The rest of the month and on into June was very active.  There are four other engagement from that month that I still clearly member.  One was when we figured out exactly which two Navy F-4s had a MiG climbing up from directly below to shoot them down and got a specific warning to them in time for them to roll out of danger.

They were able to turn the tables on the MiG and because the F-4s had a significant height and speed advantage, roll over on the MiG to see it “Standing on its tailpipe “almost out of energy” (meaning it was not flying very fast) and shoot them down within a few seconds.”  As the engagement report read. From the time of our warning to the role reversal from hunted to hunter to shooter was well less than a minute, maybe less than 30 seconds.  It was very cool to see teamwork in action.

07b
MiG 19

Yet another time we detected two MiG-17s preparing for takeoff from a specific field where we had F-4s nearby.  I believe they were Air Force this time. The F-4s shot both down but they claimed they never saw the MiGs we were vectoring them against because we could not possibly have seen the two MiGs they had shot down because they were just a few feet off the ground!  Our radar could not possibly have seen them…and it had not.  My team and I had by that time, established such a close working relationship with the AICs that they were willing to believe what we told them such that we could pull something like this off.  We could not explain all this to the AF jet jocks, so we just smiled and went on our way.  It does still rankle a bit that our AIC and the CHICAGO did not get credit for those shoot downs.  We also ran into the Navy crew at the Cube Club in Subic Bay that shot down the very first MiG on 10 May.  They too told me that they had missed the first two MiGs we sent them after and “we could not have known the next two were taking off as they were well below radar detection range.”  This was true.  They were not detected by radar!  But in those days I could not explain how we had done it, so I just kept my mouth shut.  At least in the Navy case, CHICAGO got credit for assisting in the MiG kill.

In the May 10 engagement, we detected what we took to be a pair of MiG-21s taking off from Kep, and we vectored a pair F-4 off the USS Midway to intercept them which the Phantom did and after a significant dogfight ended up shooting both down.

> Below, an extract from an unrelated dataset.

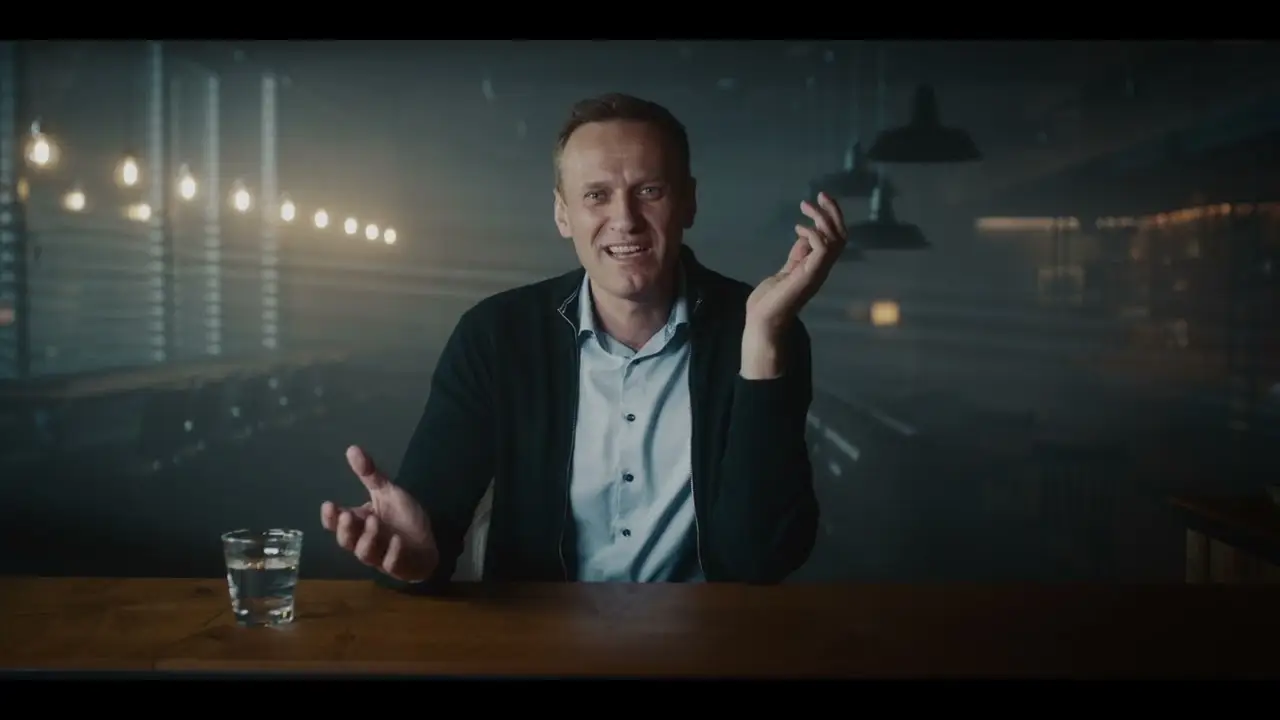 Navalny — tráiler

I subsequently saw a news report congratulating the F-4 crew for their kills and learned that the radar intercept operator (RIO), who had visually acquired the MiGs which allowed the pilot to position his plane for the first kill was my roommate at OCS.  Small world, but the story has yet another twist.  At our 50th class reunion I learned that we had misidentified the aircraft.  We had said they were MiG-21s because that was the only plane that used an afterburner and was normally operated from that base.  However, the F-4 crew saw that they were MiG-19s, which were not known to have ever operated from that base.  The MiG-19 was an excellent fighter, but it was difficult to maintain and the only facility equipped to maintain it was Yen Bai, well off to the north west.

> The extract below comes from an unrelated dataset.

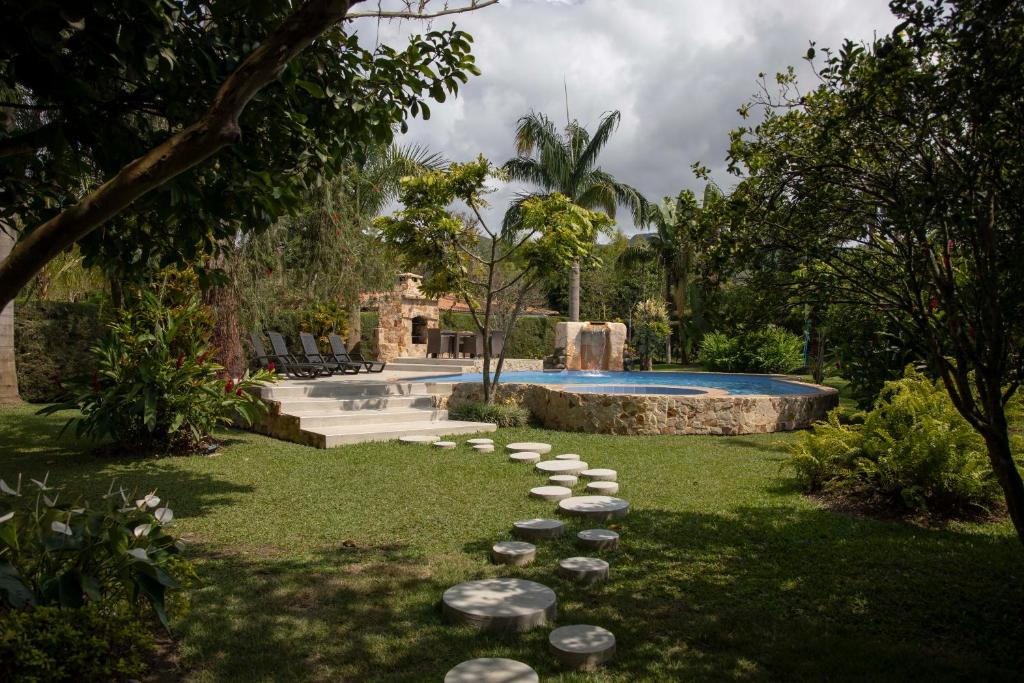 Espectacular cómoda villa de campo con Piscina photo 3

That brings me to the highpoint of mid-May.  RDC Larry Nowell, the lead Air Intercept Controller on Chicago, became the first AIC to register five successful intercepts, thus becoming an ACE.  He was flown to an aircraft carrier and told he was being nominated for the Distinguished Service Medal and would be promoted to senior chief.  When he returned to CHICAGO that evening, he came straight to SupRad with the news and said “I owe you guys at least half of this medal.  I could not have done it without you.”   My team and I felt very proud… and we all agreed with him…it took a team, and we were very clearly part of it.  However, Chief Nowell  (AKA  “Ace”) was an acknowledged master of his craft and was the quarterback, “calling the plays.”  He became a legend in the Navy.  We have stayed in the shadows (until now!)

Another engagement I also distinctly remember as having a few odd twists.  My team and I had discussed what we would do if we ever detected a MiG low on fuel as a “just in case,” as contingency planning.  I had brought it up at a training session because I remembered hearing discussions among naval aviators about pilots having to bail out due to running out of fuel in a dogfight.  Sure enough about a week later my best op reported that a MiG-17 had stayed engaged in a dogfight too long and reported being in a low fuel state and was requesting to make an emergency landing at an airfield other than his own, and my guy was able to figure out where he was headed.  In checking with the AIC, I learned that we had ready F-4s within range of that airfield and I suggested we try to cut the MiG off.  The AIC was game, even though he had no radar contact on the MiG.  Sure enough, the airfield detected the oncoming Phantoms and diverted the MiG-17 to another field.  We quickly asked the AIC to divert his F-4s to the other airfield at which point the North Vietnamese controllers, seeing our Phantoms change course, vectored the MiG to yet another airfield.  As the MiG approached the third airfield, he reported his engine had quit, and he was going down.  The controller replied.  “Understand. Keep calm.  Check well.  Bailout.”   We had scored a kill without firing a shot!  We were jubilant, and I reported the kill to the Captain.  He was delighted, too and congratulated us.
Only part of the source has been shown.